This article will help you:
- Create a deployment to house your experiment
- Install the SDK you wish to use for your experiment
The first step in creating an experiment is to configure it. Configuring is a brief, two-step process: first you’ll create a deployment, then you’ll install the SDK you want to use.
Create a deployment
In Amplitude Experiment, a deployment is where you can serve a group of flags or experiments for code execution. Once you create a deployment, Experiment will generate an access key, which you can then use to properly route your flags and experiments.
Deployments live under Amplitude Analytics projects. A project can have multiple deployments, but each deployment can only be attached to a single project.
To create a deployment follow these steps:
- From inside Experiment, click Deployments in the left-hand rail. Then click + Add Deployment.
- Choose the Amplitude Analytics project you’d like the deployment to be associated with. If you want to create deployments in multiple projects at once, just select all the relevant projects from the drop-down list.
- Next, choose a name for your deployment and specify its type:
- Client-side: These deployments run on a client device, such as a web browser or mobile app. The deployment key associated with client deployments can be viewed publicly and should be used in client-side SDKs.
- Server-side: These deployments run on a server you control, such as a web server or batch processing system. The deployment key associated with server deployments should be kept secret and are for use in server-side SDKs. Server-side keys can access the REST API for flag evaluation.
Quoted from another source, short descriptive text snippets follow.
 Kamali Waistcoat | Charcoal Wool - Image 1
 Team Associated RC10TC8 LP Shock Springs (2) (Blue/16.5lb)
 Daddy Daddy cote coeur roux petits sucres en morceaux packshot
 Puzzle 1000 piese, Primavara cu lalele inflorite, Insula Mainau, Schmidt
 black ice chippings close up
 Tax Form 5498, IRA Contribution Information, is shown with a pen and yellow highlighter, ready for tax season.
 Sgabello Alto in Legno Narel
If, instead of running a full-blown experiment, you only need to evaluate flags using the REST API, you should create a server-side deployment.
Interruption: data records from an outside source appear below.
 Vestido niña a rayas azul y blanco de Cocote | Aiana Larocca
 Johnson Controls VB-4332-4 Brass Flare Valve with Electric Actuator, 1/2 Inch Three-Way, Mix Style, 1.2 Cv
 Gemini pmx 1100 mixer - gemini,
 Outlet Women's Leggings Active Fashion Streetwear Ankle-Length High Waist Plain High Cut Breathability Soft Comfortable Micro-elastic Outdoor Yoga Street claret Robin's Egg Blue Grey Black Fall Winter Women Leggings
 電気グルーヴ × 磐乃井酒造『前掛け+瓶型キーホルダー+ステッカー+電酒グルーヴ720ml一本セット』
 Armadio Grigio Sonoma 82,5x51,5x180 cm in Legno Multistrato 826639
- Click Add Deployment. Amplitude Experiment will create your deployments and automatically generate keys to copy and use.
Install the SDK
If you’re not planning to use the REST API, the next step is to install the SDK. Each SDK has different installation instructions, which you can find in the Amplitude Developer Center's SDK Catalog.
All SDKs send a request to Amplitude Experiment to determine what flag configurations should be served to a particular user. That said, there are some important differences between client-side and server-side SDKs you should be aware of.
Client-side SDKs are meant to be run in the end-user application deployment. When choosing between client-side and server-side, keep in mind that client-side SDKs:
- Assume a single user deployment
- Use client-side deployment keys, which are public and visible to end users
- Fetch variants up front for a given user
- Store variants locally on the client for offline mode
Server-side SDKs, on the other hand, are meant to be run in a server deployment. Server-side SDKs:
- Assume a multi user deployment
- Use Server-side deployment keys, which should be kept private
- Fetch variants on each request
The User context
When assigning variants, the evaluation engine applies the targeting rules to a user context object. This object represents the identity of an individual user. In client-side SDKs, this object-user relationship is set on initialization and passed to the server on every request for variants. In server-side SDKs, the user may change, and should be set on every request.
When targeting individual users to allocate variants, Experiment will match on any of the listed user IDs (
user_id ) or device IDs (
device_id ). Using rule-based user segments, users will match on any of the predefined properties (country, platform, etc.), or on custom properties specified in the user_properties object. Read more about defining experiment users in the Amplitude Developer Center.
NOTE: You should use the same user identifiers (
device_id ) for Amplitude Experiment that you use for sending data to Amplitude Analytics. This way, identities will be resolved correctly, and data generated will be correctly associated with the same user in Analytics.